## Given entries
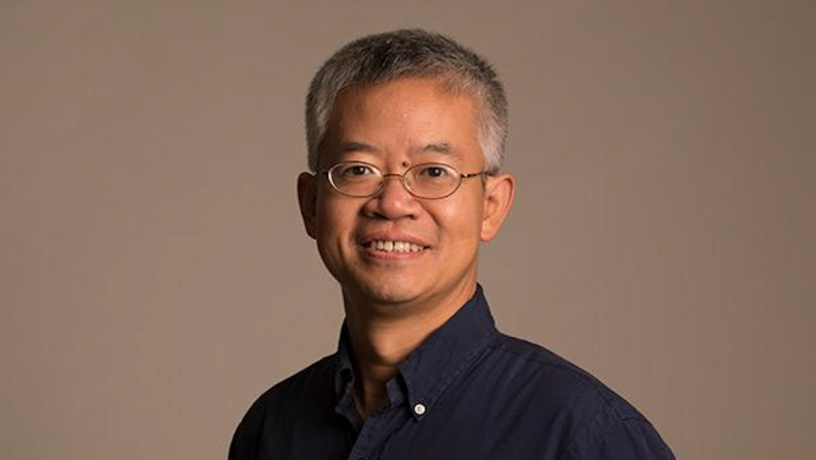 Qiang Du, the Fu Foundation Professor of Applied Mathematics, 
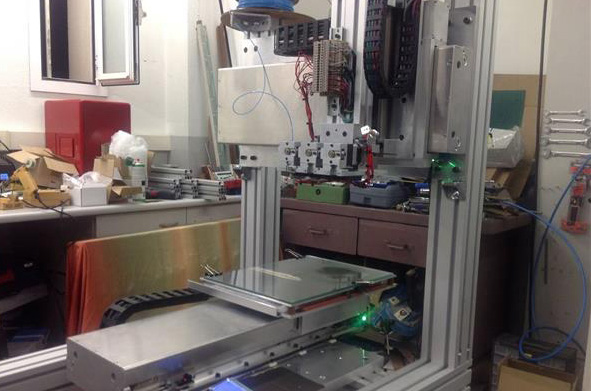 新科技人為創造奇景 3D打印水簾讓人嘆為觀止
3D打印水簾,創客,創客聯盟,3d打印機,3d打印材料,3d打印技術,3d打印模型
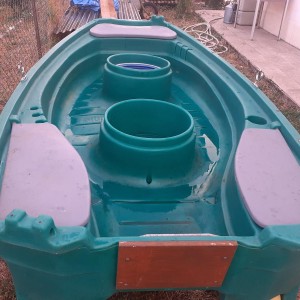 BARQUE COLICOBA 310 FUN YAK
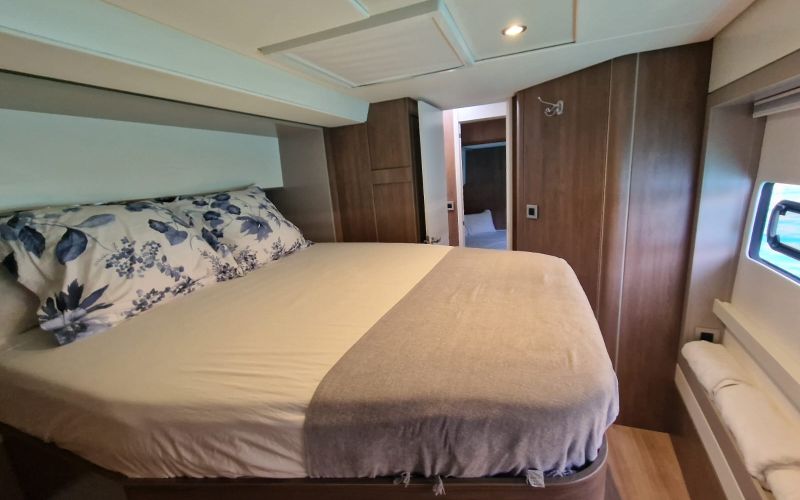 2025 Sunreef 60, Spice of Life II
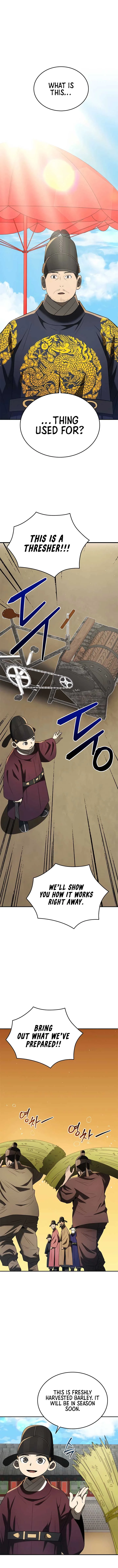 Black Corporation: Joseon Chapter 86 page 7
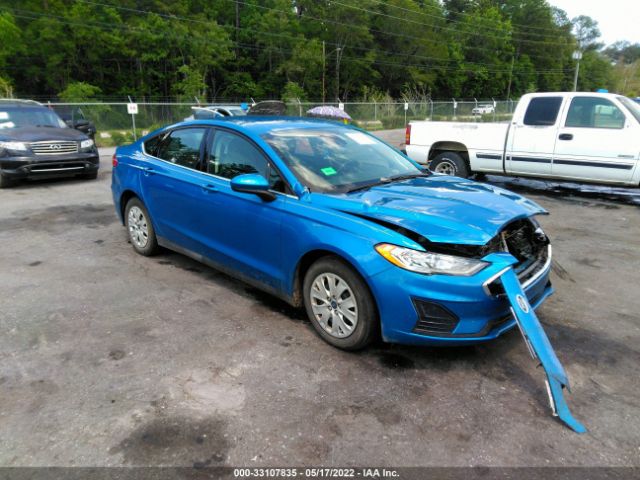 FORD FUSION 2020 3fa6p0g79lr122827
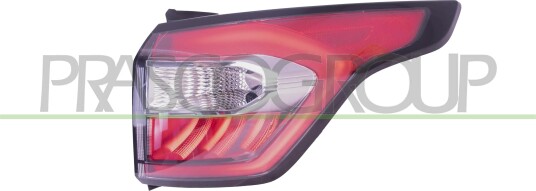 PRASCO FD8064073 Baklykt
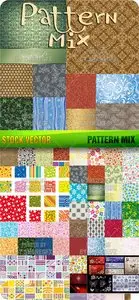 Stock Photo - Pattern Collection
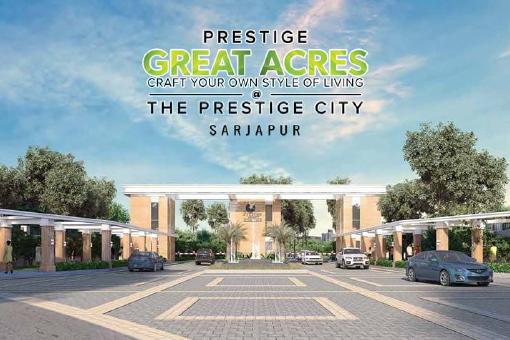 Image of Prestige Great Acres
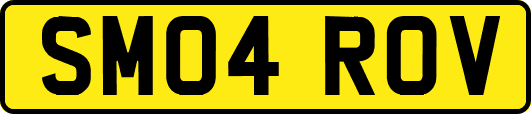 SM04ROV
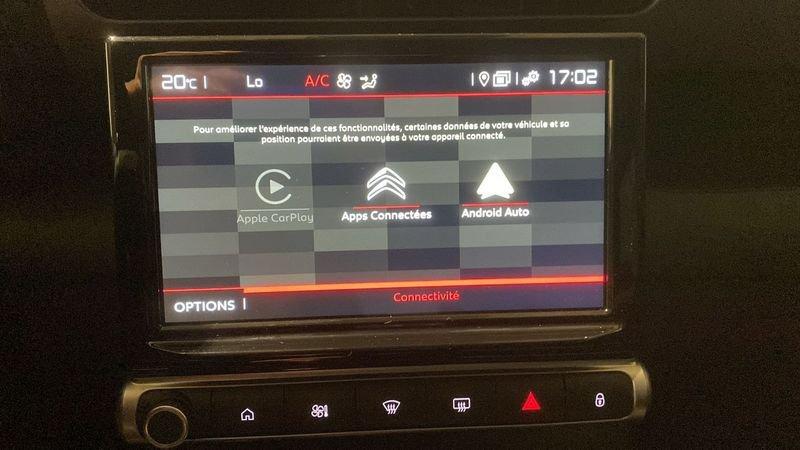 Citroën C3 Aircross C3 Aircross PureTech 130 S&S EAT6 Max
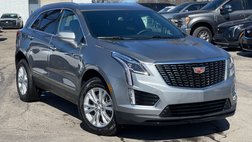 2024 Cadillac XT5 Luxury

==

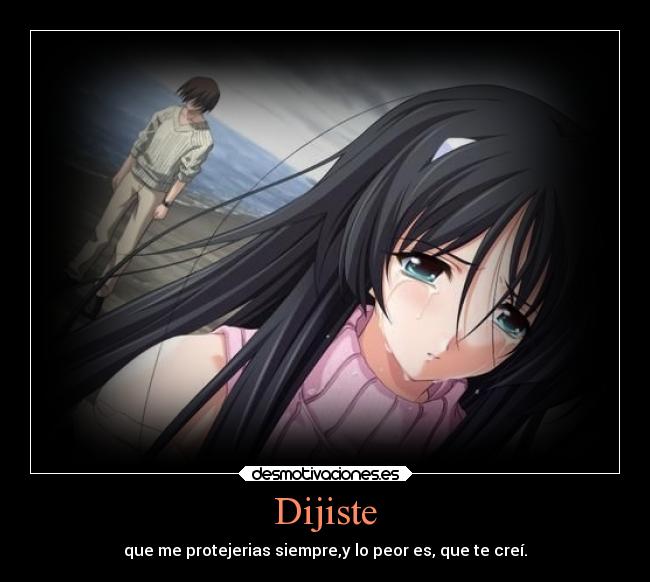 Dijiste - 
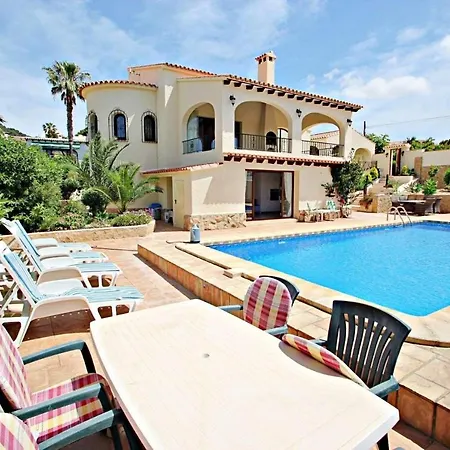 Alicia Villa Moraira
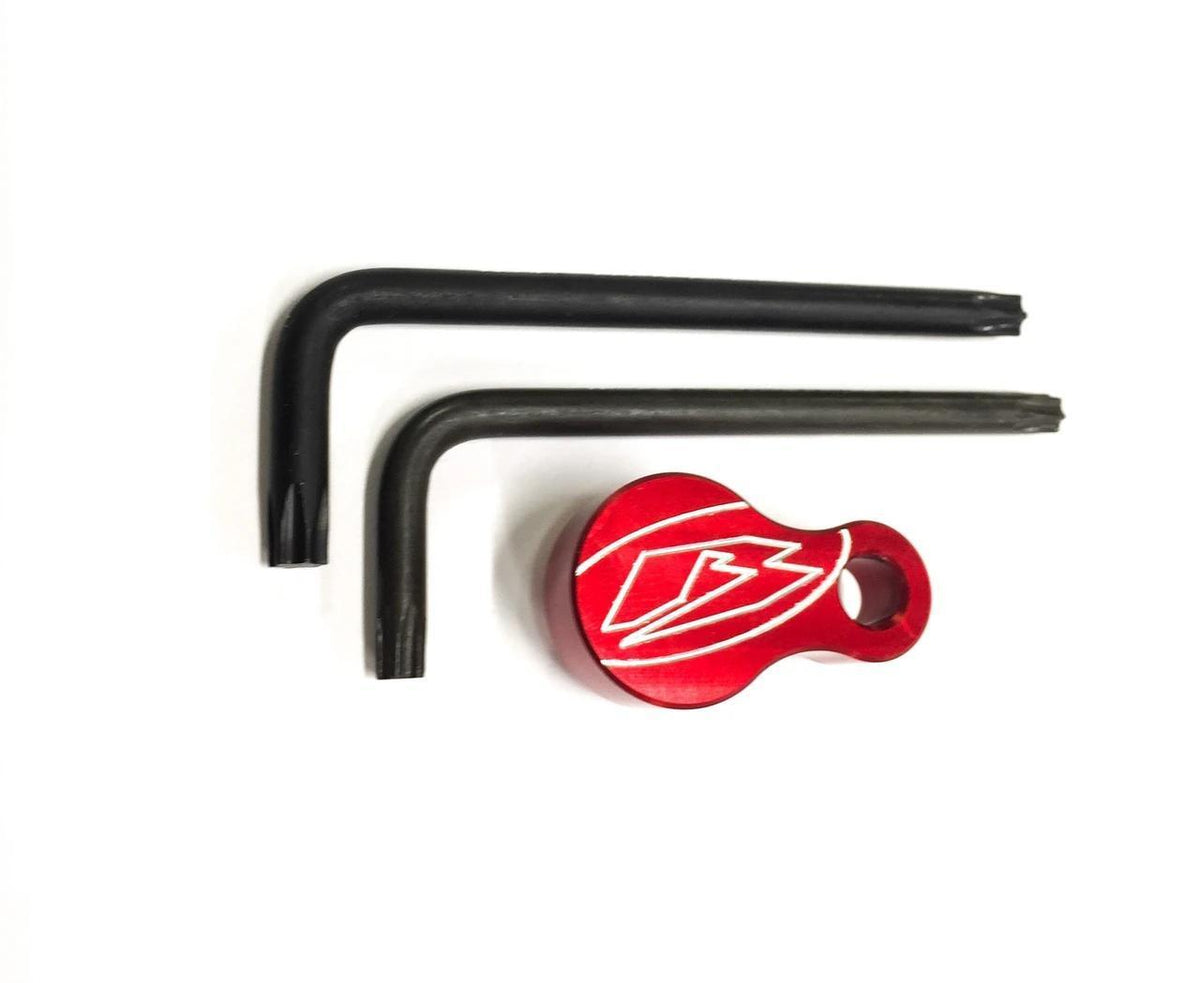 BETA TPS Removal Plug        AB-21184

## What you have to do
Return the lines above from the one with "BARQUE COLICOBA 310 FUN YAK" through the one with "2024 Cadillac XT5 Luxury", verbatim and nothing else. Omit every picture.

## Reply to the task
 BARQUE COLICOBA 310 FUN YAK
 2025 Sunreef 60, Spice of Life II
 Black Corporation: Joseon Chapter 86 page 7
 FORD FUSION 2020 3fa6p0g79lr122827
 PRASCO FD8064073 Baklykt
 Stock Photo - Pattern Collection
 Image of Prestige Great Acres
 SM04ROV
 Citroën C3 Aircross C3 Aircross PureTech 130 S&S EAT6 Max
 2024 Cadillac XT5 Luxury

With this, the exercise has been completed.